ENVIRONMENTAL SIGNIFICANCE OF CADMIUM AND OTHER TRACE-ELEMENT CONCENTRATIONS IN SPHALERITE FROM MINERAL DEPOSITS

Weathering of mineral deposits and their wastes results in the release of acid and metals into the environment. Sources of metals such as Fe, Cu, Pb, and Zn are major sulfide ore minerals (for example, pyrite, pyrrhotite, chalcopyrite, galena, sphalerite), which have occurrences that vary according to deposit type. Environmentally significant metals such as Cd, Hg, and Mn do not commonly form their own sulfide minerals, and instead, occur as solid solution in sphalerite. Cadmium and Mn concentrations of natural sphalerite are known to reach 5 wt. %; Hg concentrations are known to reach 0.5 wt. %. This study examines sphalerite trace-element concentrations using electron probe microanalysis. The spectrum of sphalerite-bearing deposit types includes massive sulfide deposits [Kuroko-(Mineral District, VA), Besshi- (Ely, VT), Noranda- (Bald Mountain, ME), and Sedimentary exhalative- (Rajasthan, India; Sullivan, BC) types], Mississippi Valley-type deposits (Central Tennessee), and actively forming seafloor massive sulfides.

Preliminary results show that the Fe concentrations range from 0.1 to 13 wt. %, Cd concentrations range from 0.1 to 0.8 wt. %, and Mn concentrations reach 0.2 wt. %. Some sphalerites may contain detectable amounts of Co, Hg, and Ni. Data indicate that sphalerite from massive sulfide deposits has higher Fe concentrations (up to 13 wt. %) than from Mississippi Valley-type deposits (< 1 wt. %); sphalerites from Sedimentary-exhalative and Besshi-type deposits tend to have higher Cd concentrations than those from Kuroko-type deposits. The Ely sample (Besshi-type) has the highest analyzed Mn concentrations.

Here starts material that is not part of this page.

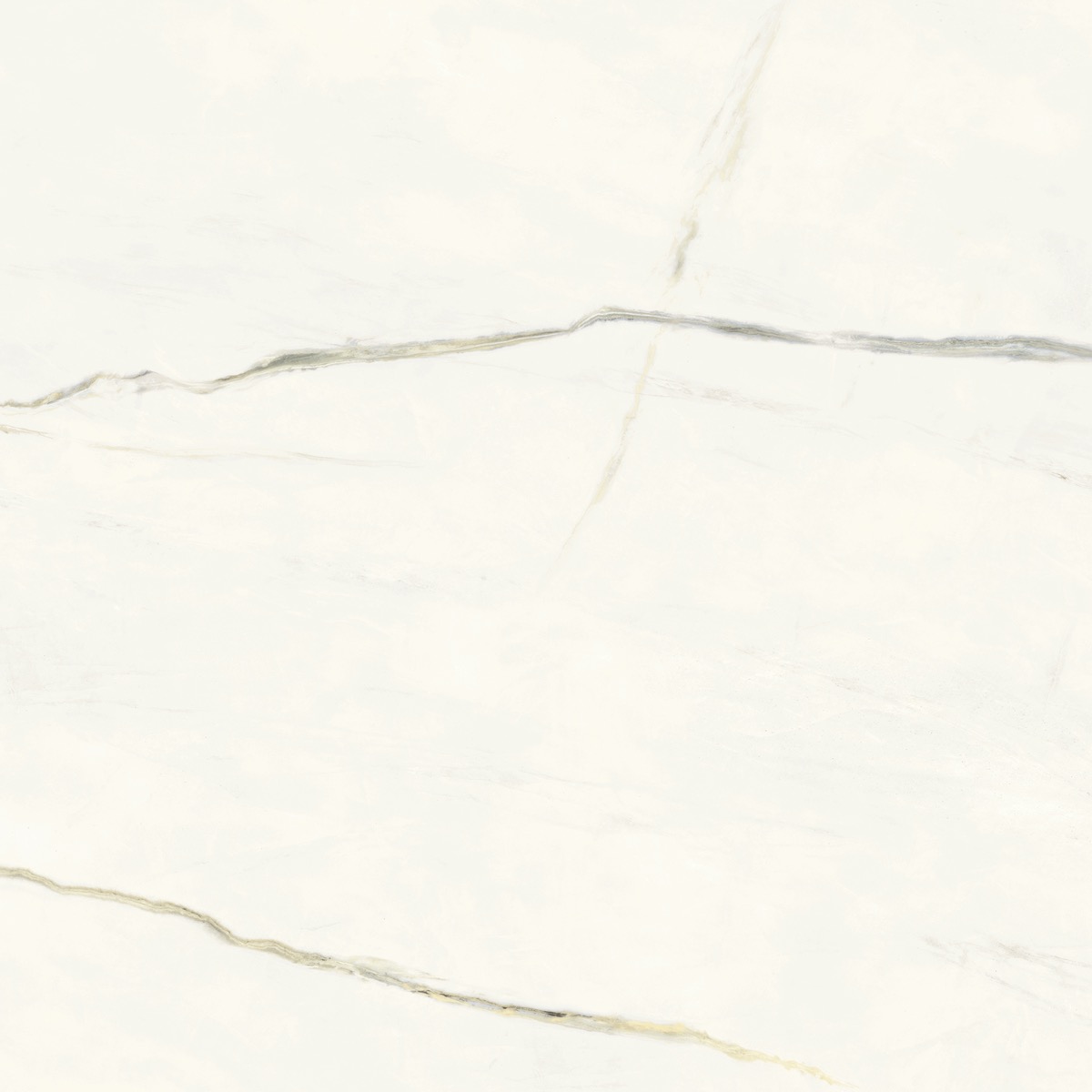 Recer Belverdi 60x60R piastrella gres Natural rettificata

Potentially leachable trace elements are present in sphalerites in significant quantities. Also, elevated Fe concentrations in some sphalerites enhance acid generation. Drainage chemistry, particularly in terms of relative proportions of Zn, Cd, and Mn, should reflect sphalerite trace-element chemistry in acidic systems where the main source of these elements is sphalerite. In alkaline systems, such as waters draining Mississippi Valley-type deposits, drainage chemistry may not reflect mineral chemistry due to precipitation of secondary hydroxides and related sorption reactions. Future efforts will compare the sphalerite and drainage chemistries for a wider range of deposit types.